First years, welcome to the greatest four years of your life at the best college in the country. Here at the University, you'll find plenty of traditions. Soon, you'll go to Convocation. You'll discover there's a river on the Lawn. You might even streak the Lawn and go steam tunneling. But, you already know all about those customs. I'm going to fill you in on a lesser-known and more recent tradition: nerding.

Imagine this. You're walking to the library or even the dining hall to meet up with some of your future best friends. A car pulls up beside you. The passenger rolls down the window and asks, "Do you know where Ackerman Library is?" You, feeling kind and intelligent, like you know your way around Grounds, answer, "You mean Alderman?" The driver and the passenger yell "nerd!" or "first year!" and drive away. Congratulations, you've been nerded. You are a part of this University tradition. It's up to you to decide which of these insults is worse. See, you're a nerd because you knew the name of the library, and you were pretentious enough to correct the passengers. And you're a first year, because you fell for it.

Everyone else at the University is getting angry now as I am letting you in on this little prank. But I do it out of guilt and fairness.

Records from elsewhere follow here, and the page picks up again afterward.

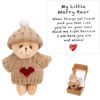 TOYMIS Mini Plush Bear with Inspirational Card for Friends Family Lovers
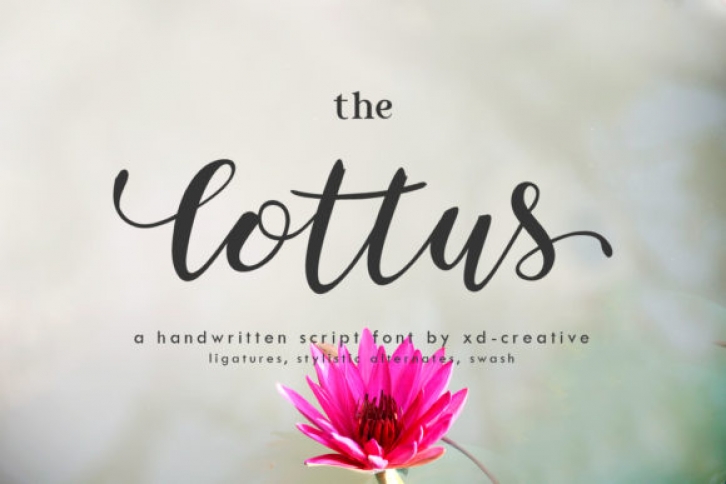 The Lottus Font Download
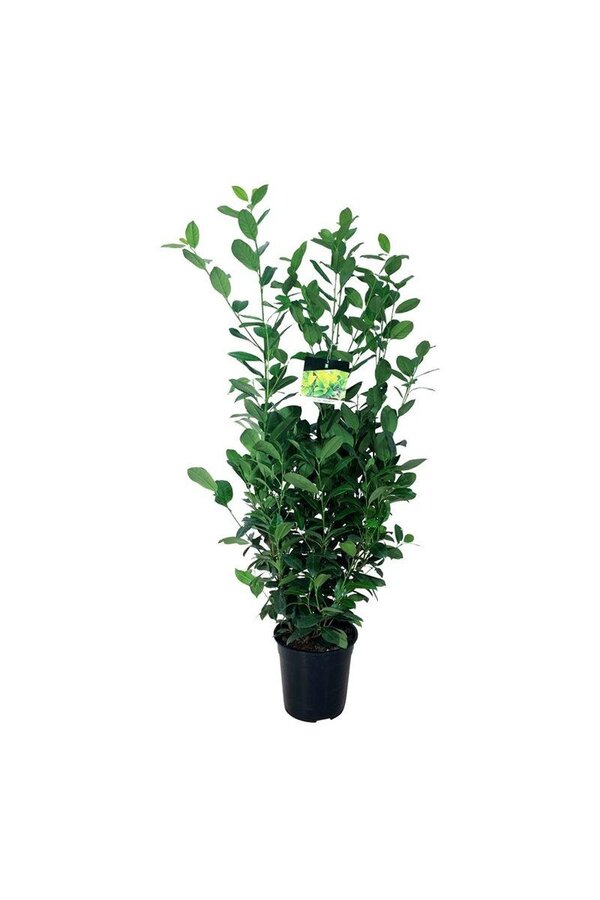 Portugese laurier Prunus Obelisk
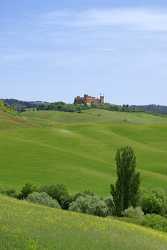 Trequanda Tuscany Italy Toscana Italien Spring Fruehling Scenic Rock Creek Forest - 012772 - 18-05-2012 - 4836x8654 Pixel Trequanda Tuscany Italy Toscana Italien Spring Fruehling Scenic Rock Creek Forest Fine Art Photographers Fine Art Photography Fine Art Landscapes Fine Art...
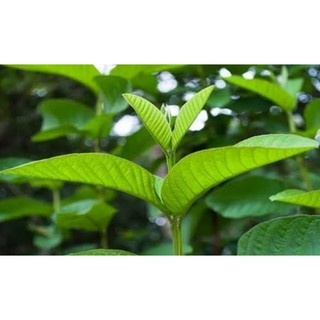lá ổi tươi ( ỔI RỪNG OGANIC 100g)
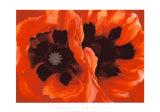 Oriental Poppies  c1928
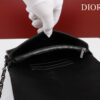Dior Caro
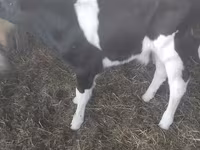 सांड, गोलस्टीन नस्ल — फ़ोटो 3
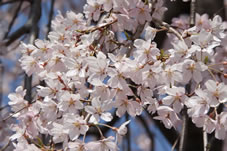 枝垂れ桜は満開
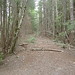 Annette West Photo 32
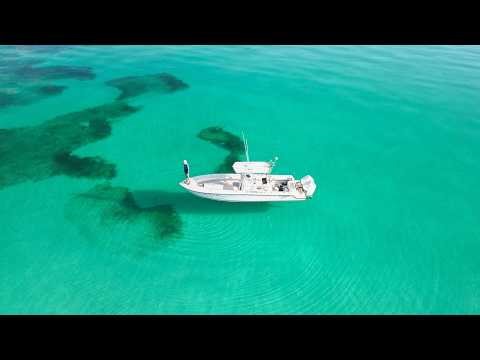 A Beautiful Day For A Beautiful Day | Dolphin Snapper Permit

It started out like a regular January night my second year. I went to O-Hill with a bunch of girls from my first-year hall, who turned out to be some of my best friends. We'd been joking about how first years needed to learn their place, even though for all intents and purposes they run O-Hill. Once we got in the car, it more or less became a dare, and I'm not one to shy away from a challenge. I stopped the car abruptly in front of the Chemistry Building bus stop. I rolled down the window and asked two quiet-looking girls if they knew where I could find "Clemson Library." They looked first at each other and then at me with slight confusion, until one replied, "Do you mean Clemons?" I stared back in awe, and simultaneously everyone in my car yelled "NERDDDD!" The entire car roared with laughter. As we drove away, one of the girls muttered, "I knew that was going to happen."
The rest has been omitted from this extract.